Jim: That’s a good summary of some of the technical challenges, and ways to overcome. What about for these fuel cell OEMs, the challenges they face as it relates to their supply chain and their choice of technology partners?

Nicolas: I think that’s a very critical point. You know, that’s a new market, and a lot of developments are coming from universities, more research and development labs, small OEMs, the prototype is made from different vendors, and then comes the time from standardization and scaling up, and where our large volume needs to be needed and manufactured. So those customers look for compatibility to reduce supplier amounts, to extend technical capabilities, to reduce the cost, to get the product on time. It’s like the automotive market, large volume per month. Also, maybe we will support the after-sales, the product is delivered in the place, and shipped in another on the globe, and that’s important to pick the product for after-sales, and to have the resources.
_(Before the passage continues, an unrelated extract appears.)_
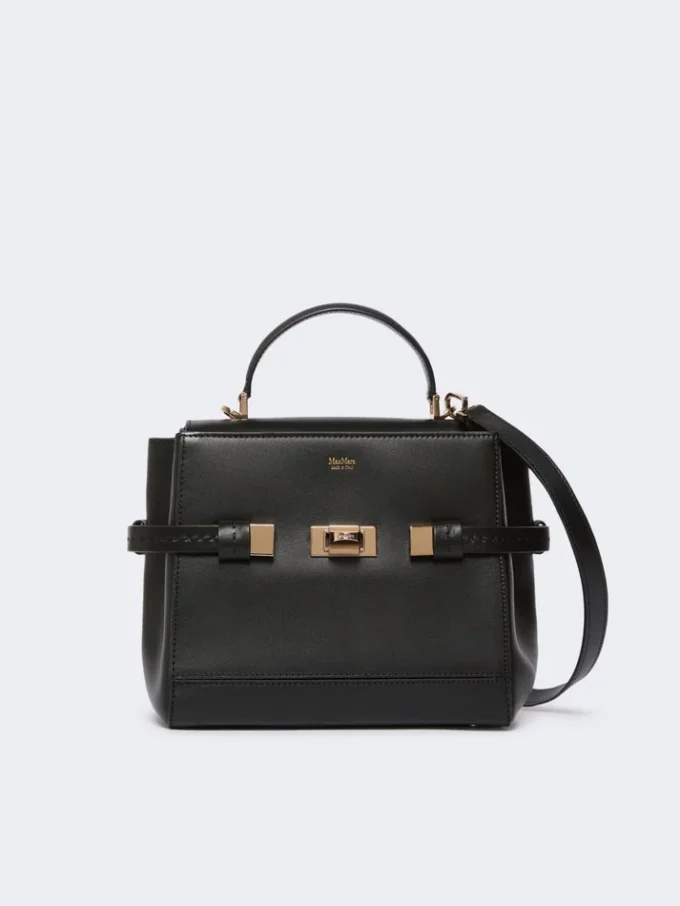Bolso de piel lisa, negro Bolso de piel lisa, negro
So as a key supplier on this market, we are investing in research and development who have this solution in the market. But besides all those challenges, I think the most important one is safety. We talk about 700 bar, even 1,000 bar in gaseous phases, and even norms and standards, how to be set, and our companies bring technical experience to these discussions, and we should allow our engineers to even share more on this group of discussions. Nevertheless, H2 is not really new, and within Emerson we have experience for decades, hydrogen is not a new vector, so we have the know-how to help on this matter.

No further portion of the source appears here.